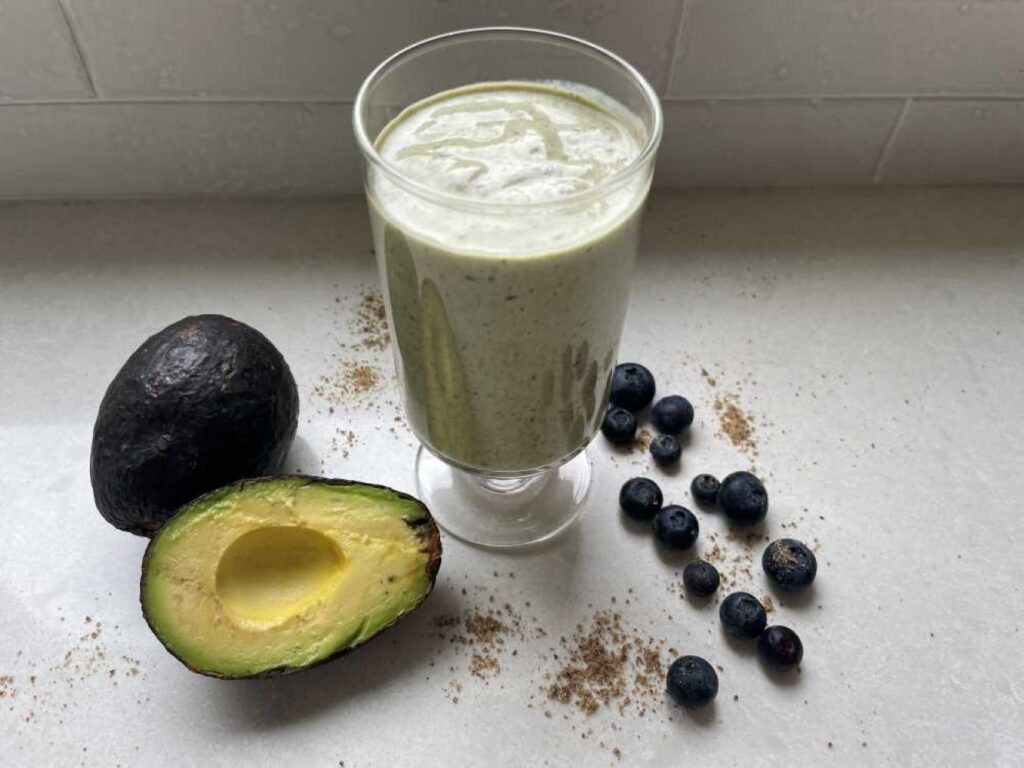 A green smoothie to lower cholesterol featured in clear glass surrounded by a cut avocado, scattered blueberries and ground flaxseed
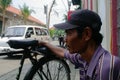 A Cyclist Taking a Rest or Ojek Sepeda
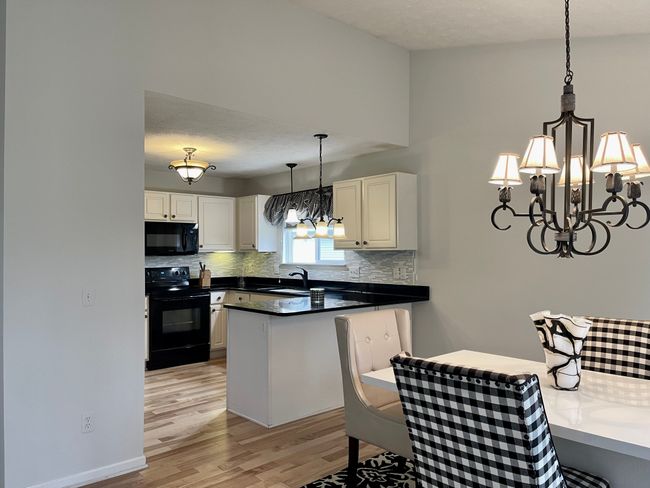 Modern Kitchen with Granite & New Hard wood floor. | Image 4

------------------------------------------------

### Task goal
Each line above is to be copied exactly, and the pictures are to be dropped.

### Exercise response
 A green smoothie to lower cholesterol featured in clear glass surrounded by a cut avocado, scattered blueberries and ground flaxseed
 A Cyclist Taking a Rest or Ojek Sepeda
 Modern Kitchen with Granite & New Hard wood floor. | Image 4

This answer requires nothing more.